Nee, das war ja das Problem. Mein Steuerberater hat auch gleich gesagt: Mein Gott, bitte nicht noch ein Künstlerlokal, tun Sie es nicht! Hätte auf ihn hören sollen.
Wie lange gab es Ihr Café?
Zehn Monate. Zu meiner Ehrenrettung muss ich sagen, dass mein Nachfolger noch schneller pleiteging.
Lag es vielleicht an der Lage?
Da war ja schon ein Lokal drin, das ich noch aus meiner Schulzeit kannte. Da ging man hin, wenn man die Schule schwänzte, was ich natürlich nie tat. Bei unserem drittem Nachpächter funktioniert der Laden jetzt richtig gut.
Was macht er anders?
Wir haben das zehnte Café in der Gegend eröffnet, er verkauft Burger, das ist schon mal keine schlechte Idee. Außerdem hat er das Talent zum Gastgeber. Schon beim ersten Besuch fängt der ein Pläuschchen an, ich habe mich gleich wie ein Stammgast gefühlt.
War es also Ihr Unvermögen oder Ihr Pech?
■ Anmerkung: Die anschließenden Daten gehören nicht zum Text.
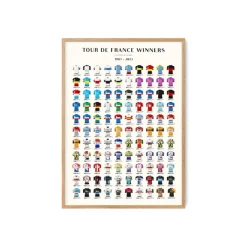 Affiche Tour de France Winners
Ich hab’s nicht gekonnt, wir gingen viel zu blauäugig an die Sache. Wenn man im Café sitzt, romantisiert man das und denkt sich: Ach, die Kaffeemaschine zu bedienen kann ja nicht weiter schwer sein. Ich wollte das Ganze auch nicht hauptberuflich machen, sondern so nebenbei, aber da kommt schnell einiges auf einen zu, zumal mein Schwager, der den Laden führen sollte, direkt aus der Türkei kam und mit deutschen Verhältnisssen überfordert war. In der Türkei sind Arbeitskräfte viel billiger, und unser Café hatte nur 45 Sitzplätze, da darf man nicht groß Leute engagieren.
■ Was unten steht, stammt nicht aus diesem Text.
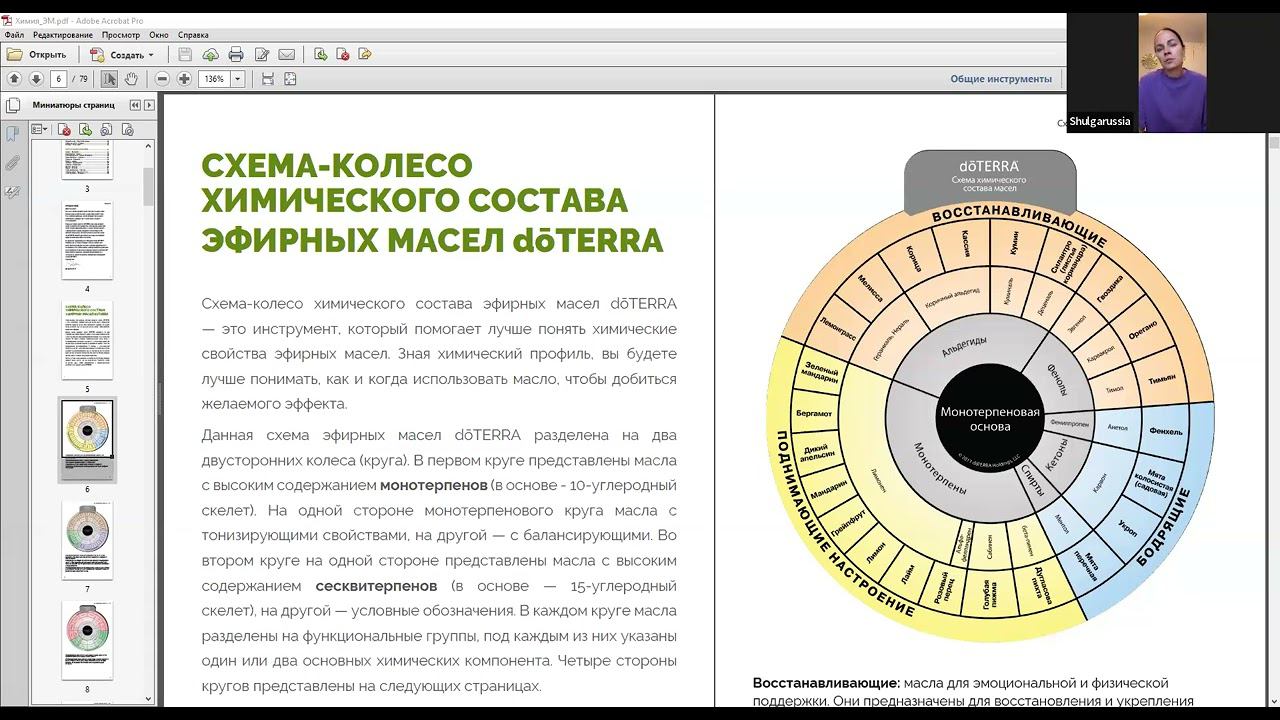 Биохимия Эфирных масел.  Вебинар 12. 07. 2024.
Sie hätten das wissen können.
Ach, ich hatte einen Businessplan erstellt und dachte, einen Bestseller zu schreiben ist viel unwahrscheinlicher, als ein Café erfolgreich zu führen.
Haben Sie selbst im Café gearbeitet?
Immer wieder, wie auch mein zweiter Schwager. Der ist eigentlich Comedian.
Hat das Scheitern Ihre Ehe belastet?
Natürlich. Wenn man in eine Pleite reinschlittert und die Familie involviert ist, dann ist das schon ein guter Test für die Tiefe der Liebe. Wobei ich sagen muss: Das künstlerische Programm, das wir im Café auf die Beine gestellt haben, mit Lesungen, einer Radiosendung, die ich live moderiert habe, und Auftritten von Bastian Pastewka und Anke Engelke, hat schon einige Aufmerksamkeit bekommen. Das hatte zur Folge, dass uns der Andrang zwischendurch völlig überfordert hat. Wenn 45 Leute da waren, mussten manche eine Stunde auf ihr Frühstück warten. Da zeigte sich schnell, dass wir keine Profis waren. Die vielen Gäste, die wir durch die Lesungen bekamen, verloren wir schnell wieder, weil wir zu langsam waren.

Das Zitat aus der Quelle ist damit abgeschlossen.